API-Zugang problemlos anzulegen

Einen kostenlosen Autoreply-Twitter-Bot ohne Code in fünf Minuten verspricht der Programmierer Amit Agarwal auf der Seite Labnol.org. Voraussetzung ist in diesem Fall jedoch ein eigener API-Zugang. Einen solchen Zugang anzulegen, geht sehr einfach über die Adresse apps.twitter.com. Nach dem Anlegen der App erhalten Nutzer vier erforderliche Zugangsdaten zur Twitter-Schnittstelle: consumer key, consumer secret, access token und access token secret. Diese vier Daten speichern sie sich am besten gleich auf dem Rechner, da sie für jeden der weiter unten erläuterten Bots eingegeben werden müssen.

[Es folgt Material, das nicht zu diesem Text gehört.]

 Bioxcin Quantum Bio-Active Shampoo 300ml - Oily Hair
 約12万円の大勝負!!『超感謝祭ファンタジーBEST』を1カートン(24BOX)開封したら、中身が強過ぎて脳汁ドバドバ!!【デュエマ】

Für Agarwals Bot auf Basis eines Google App Scripts müssen wir der Anwendung zudem einen Zugang zu unserem eigenen Google-Account erlauben. Wer Sicherheitsbedenken hat, legt sich dazu einen neuen Account an, der für nichts anderes genutzt wird. Dann lässt sich beispielsweise ein Suchbegriff eingeben, auf den mit einem bestimmten Text geantwortet wird. Bei der Suche lassen sich Begriffe auch logisch miteinander verknüpfen.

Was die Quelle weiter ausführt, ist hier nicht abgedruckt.